Adjusting the expected neighbors of a data category may include
replacing the expected neighbors of the first data category with
the neighbors of the examined data, or adding new neighbors to the
expected neighbors. In some embodiments, the method may repeat for
classifying examined data, e.g., another column of the same or
other database. Some embodiments may repeat for comparing the
examined data to different categories of data. Operations 250 and
260 are optional and may be used to adjust the list of expected
neighbors to the actual neighbors of the examined data.
[0045] According to some embodiment, more than one test may be used
in order to classify unknown data in a database. For example, the
metadata may be examined, as well as the statistics and neighbors,
and/or other tests. In some embodiments, a combined score or a
combined probability that the examined data is of a first data
category may be calculated based on scores of the plurality of
tests. Performing a plurality of test may increase the accuracy of
classification of unknown data categories.
[0046] Reference is made to FIG. 3, which is a flowchart of a
method for data classification by data characteristics, according
to embodiments of the invention. An embodiment of a method for data
classification by data characteristics may be performed, for
example, by the systems shown in FIG. 4. An embodiment of a method
for data classification by data characteristics may be used for
classifying data of an unknown category, based on characteristics
of known data categories.
[0047] In operation 310, sample data may be obtained. The sample
data may include data pertaining to one or more data categories and
may be obtained with associated classification to relevant data
categories. The sample data may be customer or organization
specific or non-customer or organization specific.
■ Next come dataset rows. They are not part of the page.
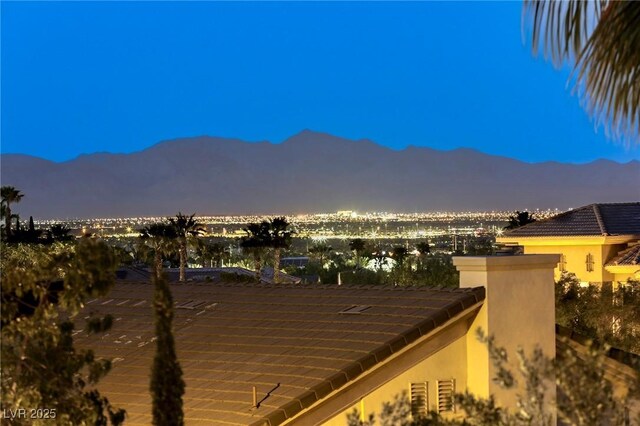 2008 Winter Wind St, Las Vegas, NV 89134 - view of mountain backdrop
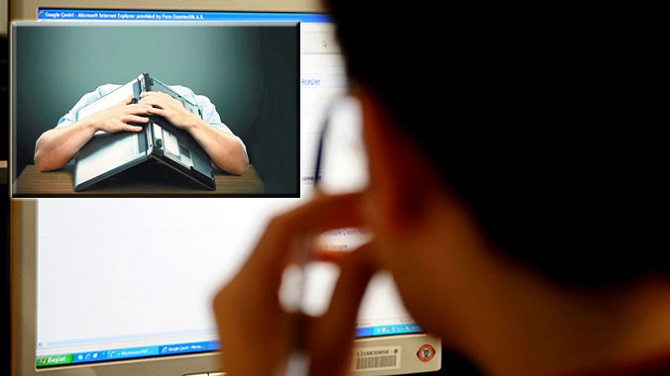 Bu belirtiler varsa internet bağımlısı olabilirsiniz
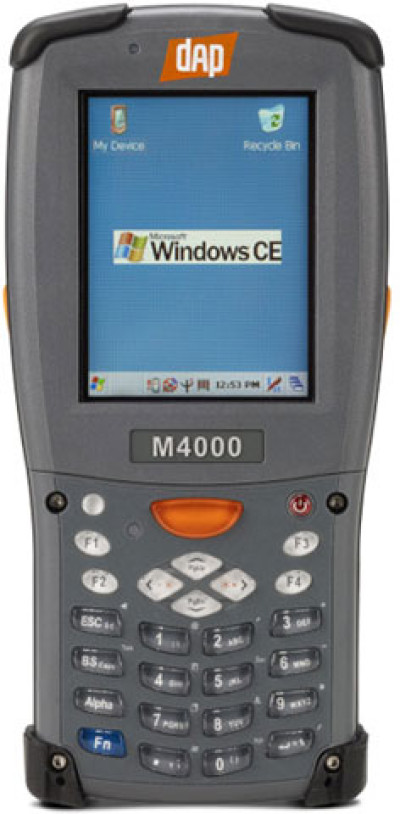 DAP Technologies M4000 Mobile Computer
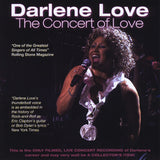 Darlene Love - The Concert of Love 11 x 17 inch. Album Cover Poster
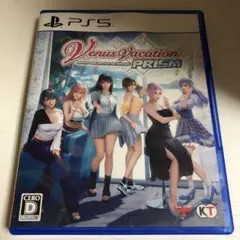 早期特典付き ヴィーナスバケーションプリズム ps5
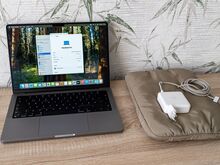 Apple MacBook Pro 14-inch 2021 M1 16/512GB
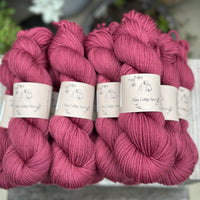 Brimham Aran in Faded Bloom (Dyelot 210825)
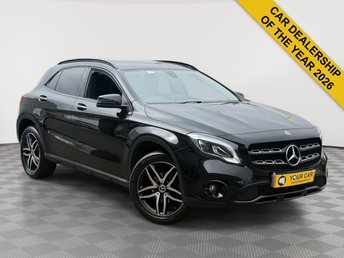 2019 MERCEDES-BENZ GLA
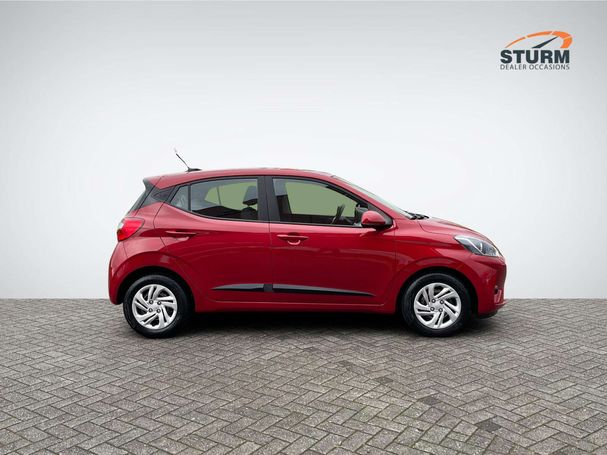 Hyundai i10 1.0 49 kW image number 2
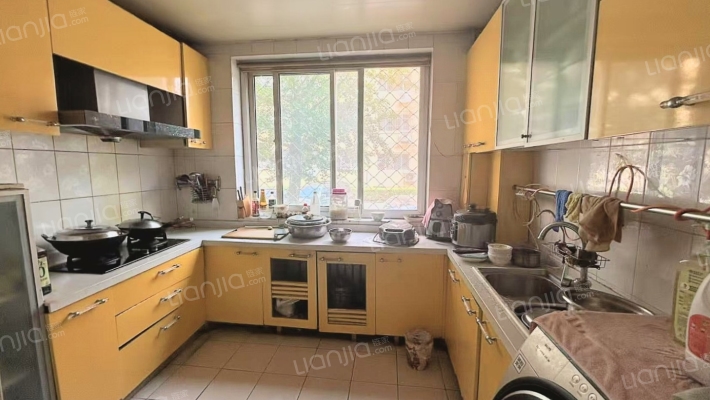 新星小区 3室2厅 南 北-厨房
[0048] In operation 320, one or more characteristics of each of the
data categories included in the sample data may be determined. The
characteristics of each data category may include one or more of
statistics (block 321), neighbors (block 322), metadata (block
323), rate of rule matches (block 324), dictionary matches (block
325) and classifier results (block 326).
[0049] As indicated by block 321, statistics of each of the numeric
data categories included in the data sample may be calculated,
similarly to operation 110. As indicated by block 322, neighbors of
each of the data categories in the sample data may be found or
determined, similarly to operation 210.
[0050] As indicated by block 323, metadata of each of the data
categories included in the data sample may be examined. Thus, a
dictionary of possible metadata, or metadata associated with a
specific data category may be generated.
[0051] As indicated by block 324, rate of rule matches to each rule
of a plurality of rules of sample data pertaining to each data
category, may be calculated. The rate of rule matches may equal the
ratio of data items that obey the rule to the total of data items
tested. Rules may be defined based on an a priori knowledge, or
based on the data itself. For example, in some countries or
organizations ID numbers may obey certain mathematic rules. Those
rules may be included in the plurality of rules. Another rule
examples may include a number of digits in a numeric or
alphabetical field, the range of values for numeric fields, etc.
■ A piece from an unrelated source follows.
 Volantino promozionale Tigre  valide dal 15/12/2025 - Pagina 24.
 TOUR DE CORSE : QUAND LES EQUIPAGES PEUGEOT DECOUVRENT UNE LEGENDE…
Thus, each data item of the sample data pertaining to a data
category may be tested against each of the rules. The rate of
matches to each rule of data items pertaining to a data category
may be calculated and stored. Eventually, each data category would
be associated with a series of rule math rates, and the rule match
rates may be a characteristic of the data category. Specifically,
it may be expected that other data that pertains to the same data
category would have similar rates of rule matches.
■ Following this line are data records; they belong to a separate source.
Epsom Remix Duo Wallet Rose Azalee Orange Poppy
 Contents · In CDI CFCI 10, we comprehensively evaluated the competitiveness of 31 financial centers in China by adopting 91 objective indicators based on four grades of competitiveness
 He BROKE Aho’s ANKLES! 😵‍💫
[0052] In operation 325, a dictionary of expected data items per
data categories may be built or generated. For example, a
dictionary of first names may be generated based on data items in a
first name column in the sample data. Additionally or
alternatively, a dictionary of expected data items per data
category may be built based on a priori knowledge.
[0053] In operation 326, a classifier may be trained to classify
data items into data categories. The classifier may be trained
based on the sample data. The classifier may include any applicable
category of classifiers, including neural networks, a Bayes
classifier, a linear classifier, logistic regression, support
vector machine, etc.
[0054] In operation 330, examined data may be obtained. The
examined data may be data of a database, e.g., a database of an
organization. Typically, the examined data may be divided logically
to subgroups or columns of data, each pertaining to a single data
category. Thus, each column of the examined data needs to be
classified into a data category.
[0055] In operation 340, one or more characteristics of each column
of the examined data may be determined. The characteristics of each
column may include one or more of statistics (block 341), neighbors
(block 342), metadata (block 343), rate of rule matches (block
344), dictionary matches (block 345) and classifier results (block
346). In some embodiments, the determined characteristics may be
determined based on the data category. For example, statistics may
be calculated for numeric data categories and not calculated for
alphabetical data categories.
[0056] As indicated by block 341, statistics of each of the numeric
data columns included in the examined data may be calculated,
similarly to operation 120. As indicated by block 342, neighbors
that are already known of each of the data categories in the
examined data may be found or determined, similarly to operation
220.
[0057] As indicated by block 343, metadata of each of the data
columns included in the examined data may be examined. Thus,
metadata associated with each column of the examined data may be
extracted.
[0058] As indicated by block 344, rate of rule matches to each rule
of the plurality of rules (same rules used in operation 324) of
columns of the examined data may be calculated. The rate of rule
matches may equal the ratio of data items in the examined column
that obey the rule to the total number of data items in the column.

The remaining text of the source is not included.